(About this exercise) Your answer must be the lines from the start of the records through the line with "21A Assessment Partner Integration V2", exactly as written, without the pictures.

##### Provided entries #####

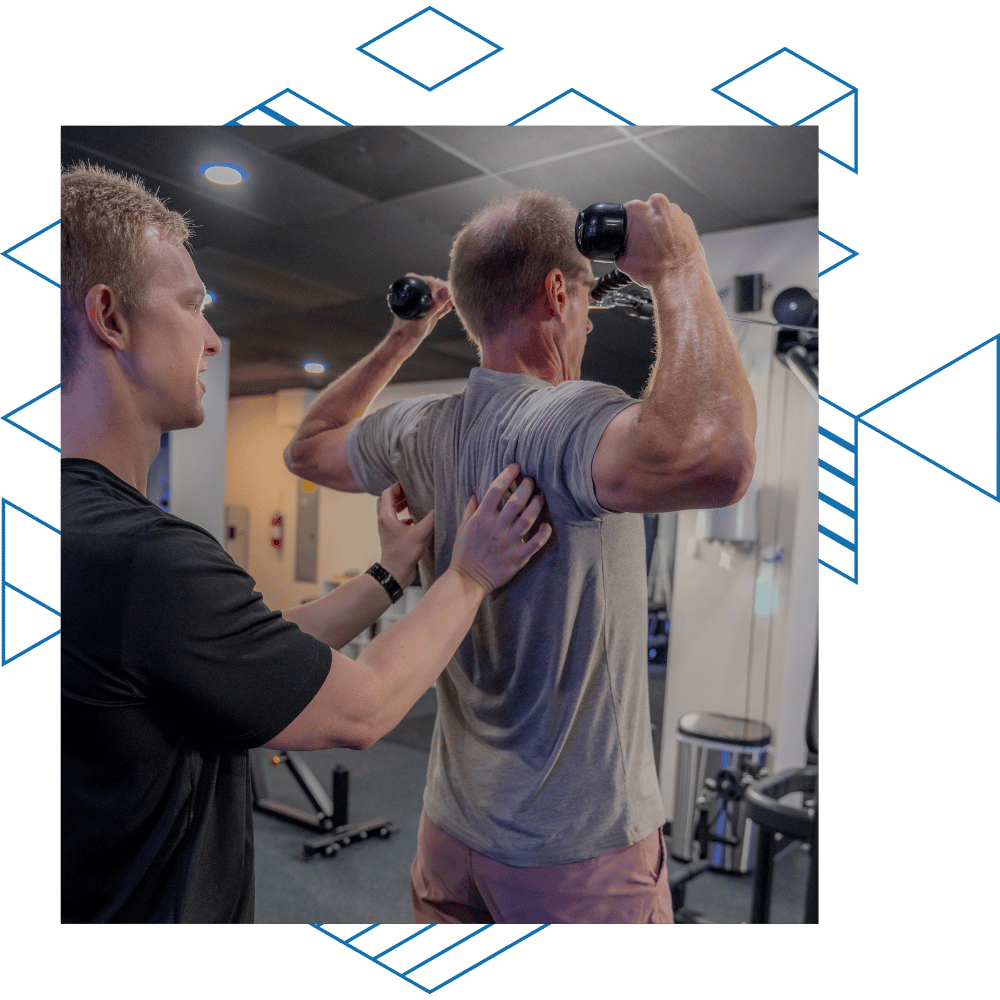 Why Optimized Training works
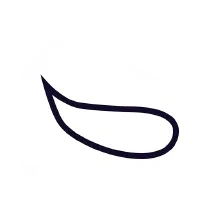 Curve Attachment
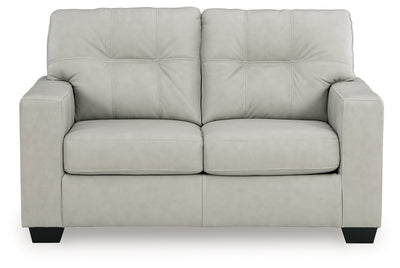 Santorine Living Room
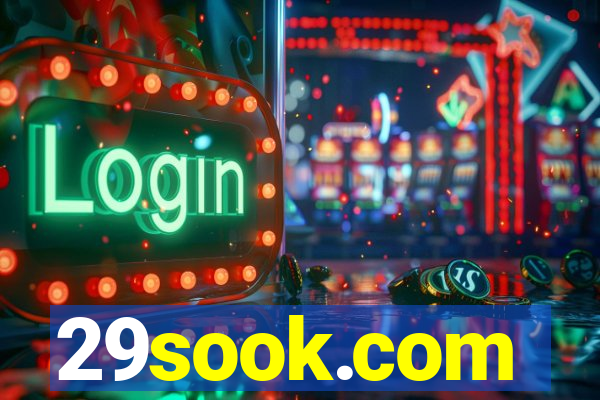 29sook.com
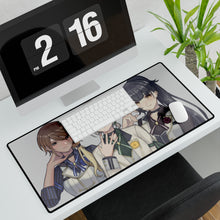 Load image into Gallery viewer, Anime The iDOLM@STER: Shiny Colors Mouse Pad (Desk Mat)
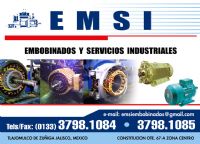 Embobinado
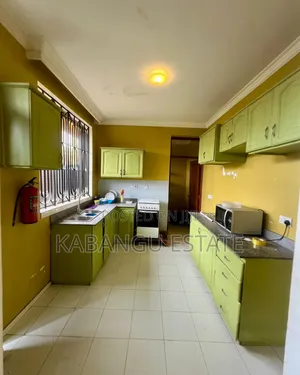 4bdrm House in Bahari Beach, Bunju for rent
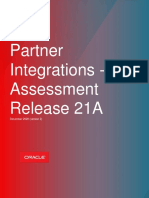 21A Assessment Partner Integration V2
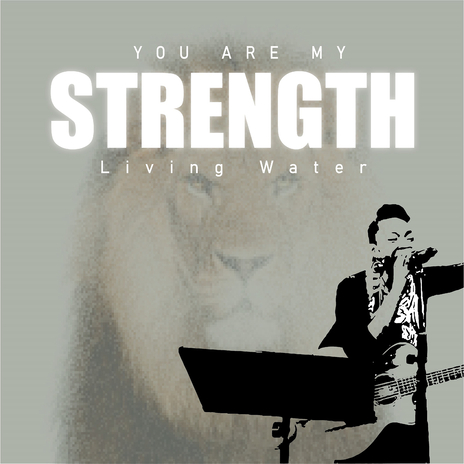 You Are My Strength | Boomplay Music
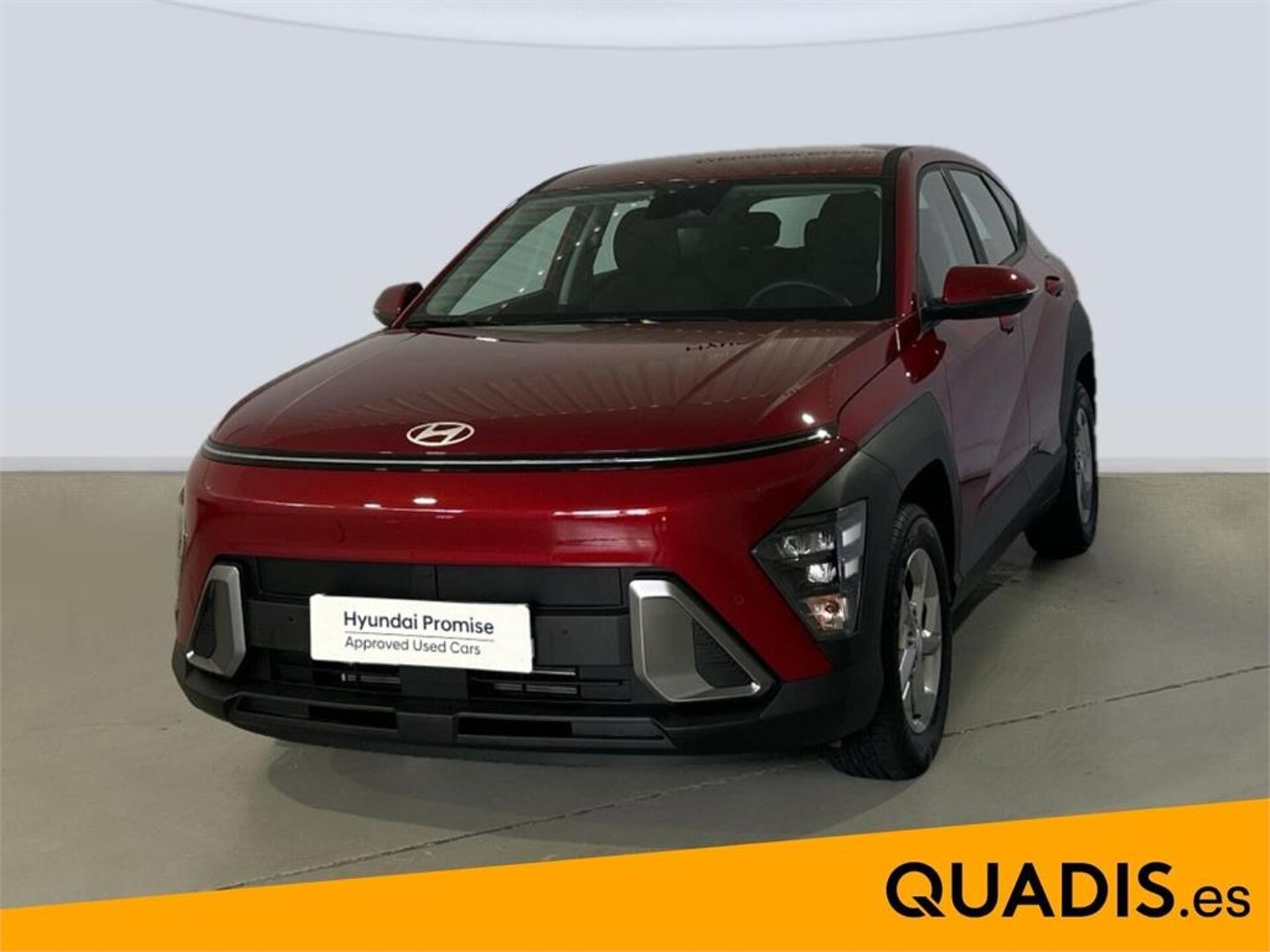 Imagen de HYUNDAI Kona
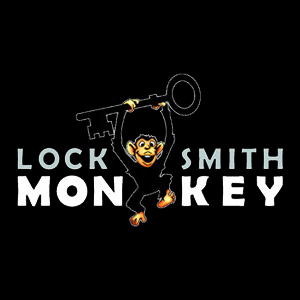 Image for Locksmith Monkey with ID of: 2768380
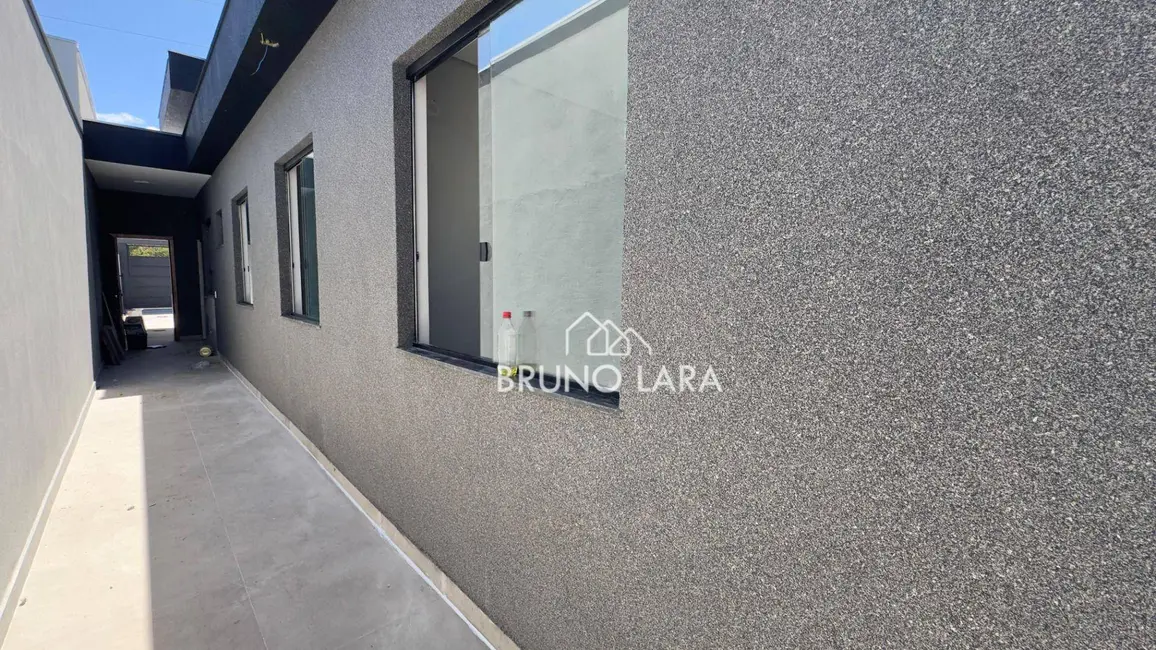 Foto 6 de Casa com 3 quartos à venda, 180m2 em Niterói, Betim - MG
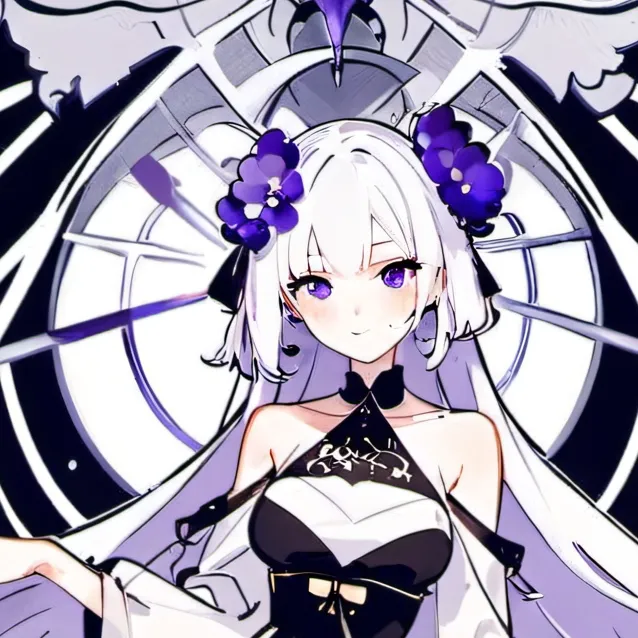 chat with ai character: kat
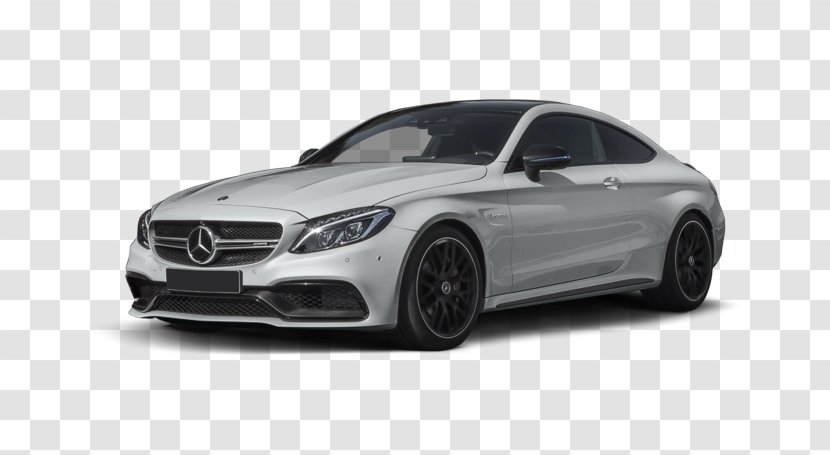 2018 Mercedes-Benz S-Class C-Class E-Class Car - Mercedesbenz Eclass - Amg C 63 Transparent PNG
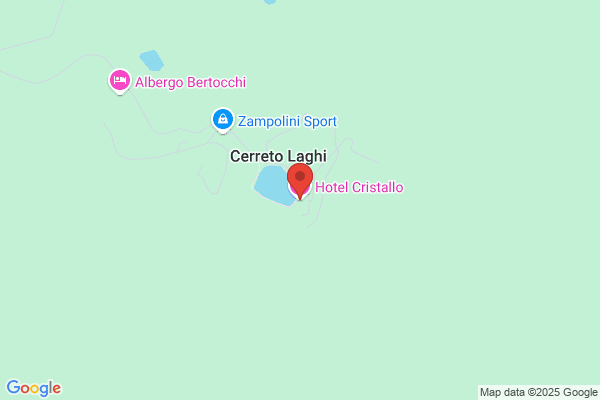 Hotel Cristallo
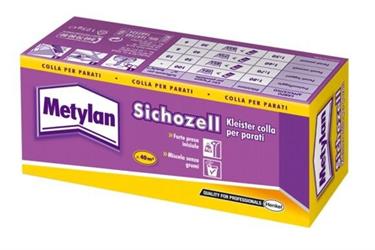 COLLA SICHOZELL X CARTE DA PAR.GR 125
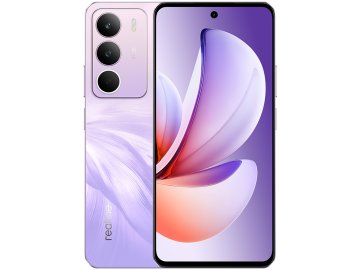 Realme C71 8/256GB (фиолетовый)
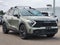 2025 Kia Sportage Plug-In Hybrid X-Line Prestige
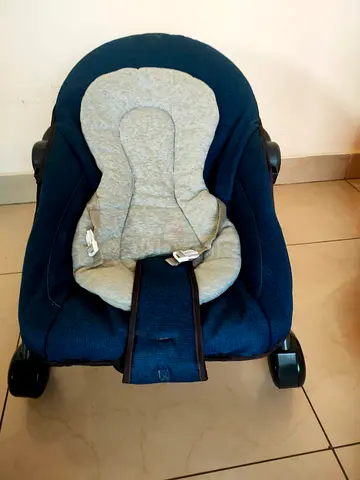 Baby rocker in excellent condition for sale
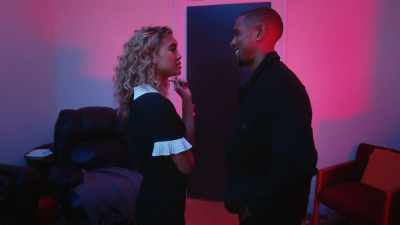 [SIGHS] - Tyler Perry's The Oval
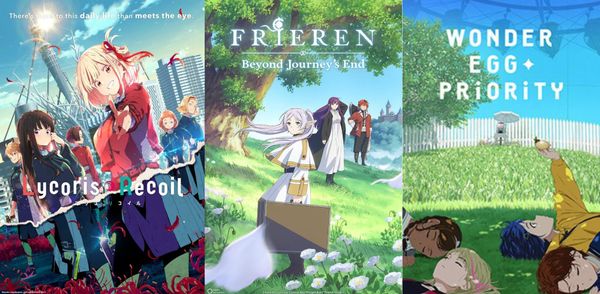 Predecast Episode 7: Girls With Guns, Magic Spells, and Depression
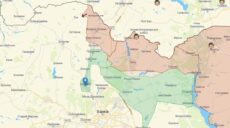 Голова громади на Харківщині повідомив про особливо жорстокі бої на її території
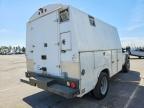 2008 Ford F550 Super Duty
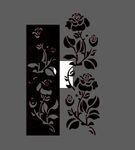 花纹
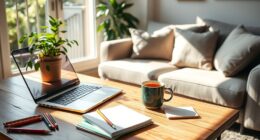 remote work life balance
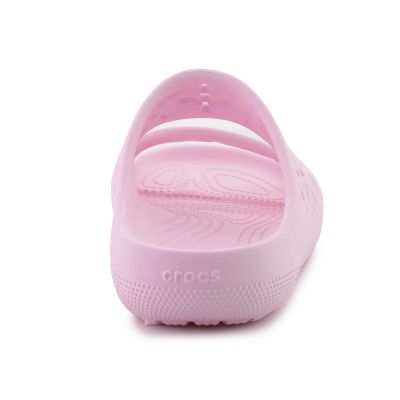5. Crocs Classic Floral Cutout sandal W 210966-6ZW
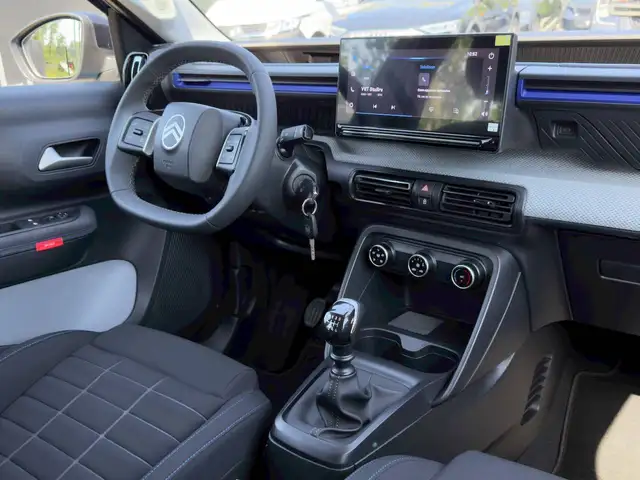 Citroen C3 view 5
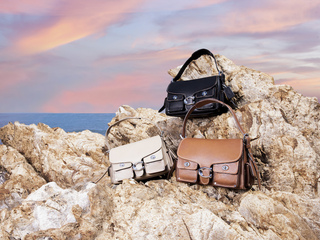 Coach发布2024七夕系列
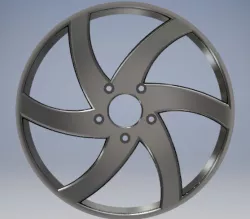 Rim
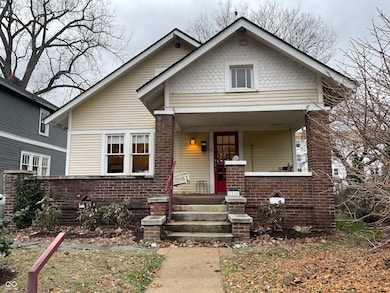 2814-2830 Ruckle St, Indianapolis, IN 46205 - photo 2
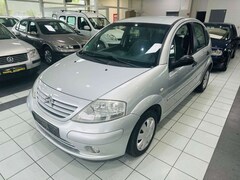 Bild des Angebotes Citroen C3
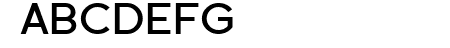 Florencesans Bold
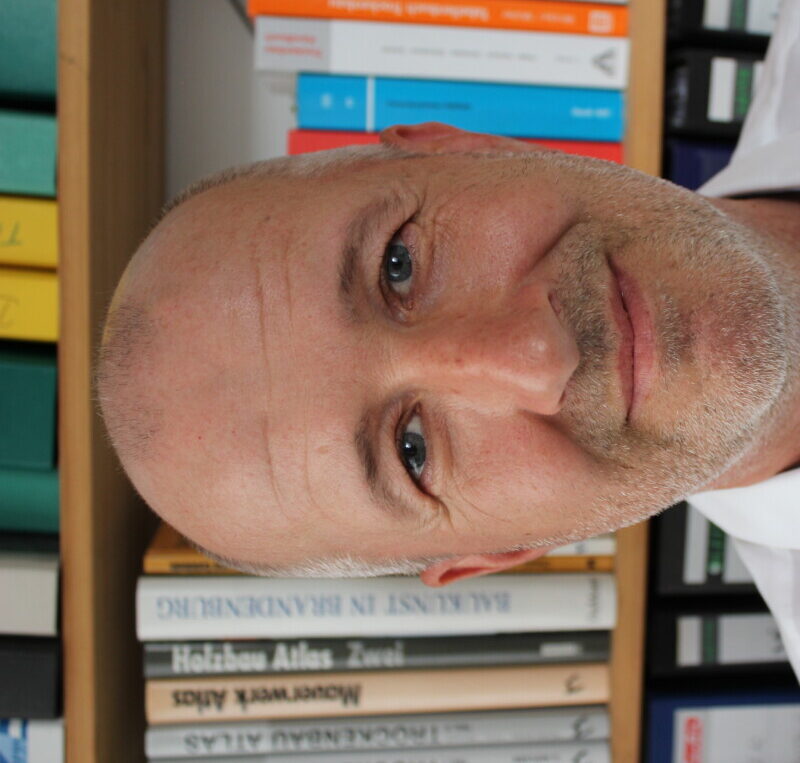 Sachverständiger Dipl.Ing. Oliver Priebe BIG Trockenbau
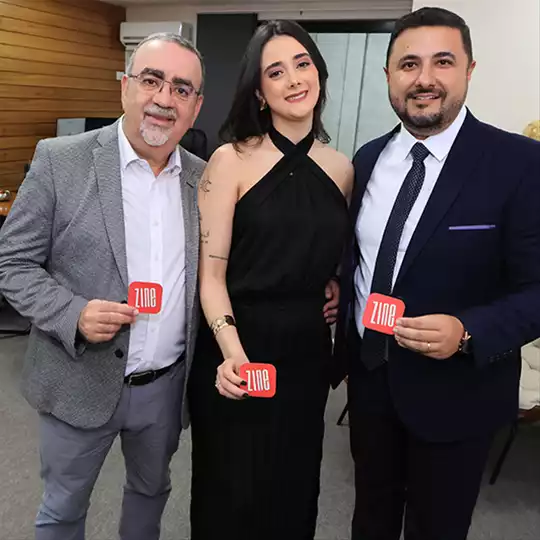 [FOTOS] Coquetel WFR e Barros da Cunha Advocacia Empresarial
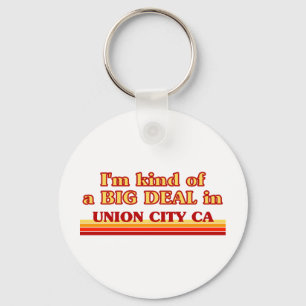 Llavero Soy un GRAN TRATO en Union City City CA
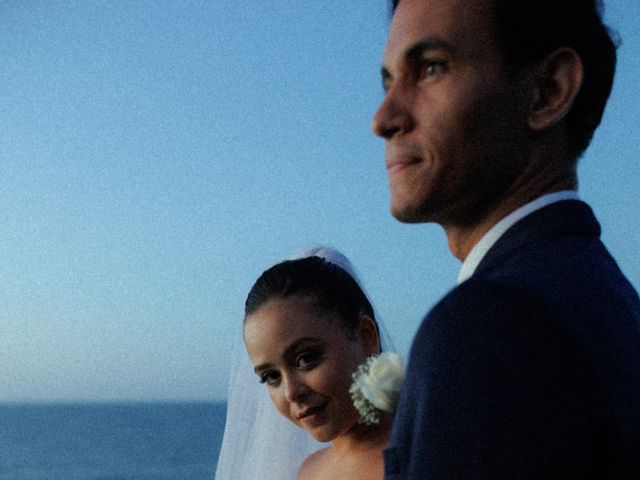 O casamento de Lívia e Davi em Caucaia, Ceará 22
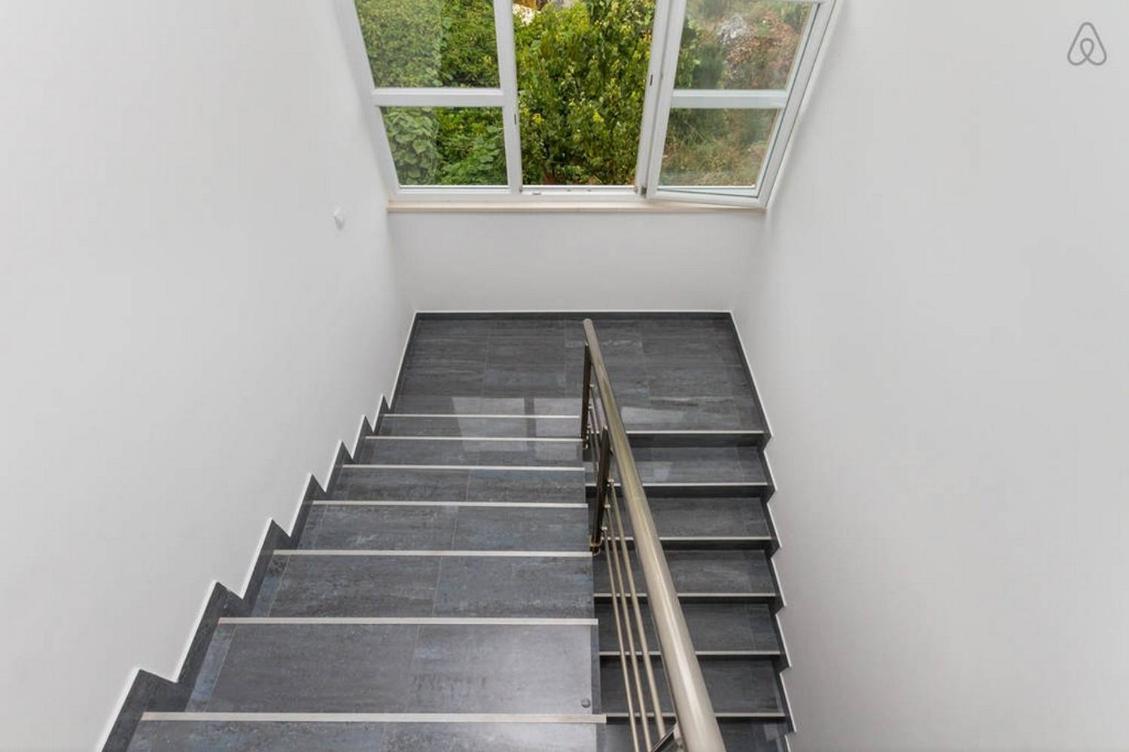 Apartment House Split Bagian luar foto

#####

(Answer to the exercise)
 Why Optimized Training works
 Curve Attachment
 Santorine Living Room
 29sook.com
 Load image into Gallery viewer, Anime The iDOLM@STER: Shiny Colors Mouse Pad (Desk Mat)
 Embobinado
 4bdrm House in Bahari Beach, Bunju for rent
 21A Assessment Partner Integration V2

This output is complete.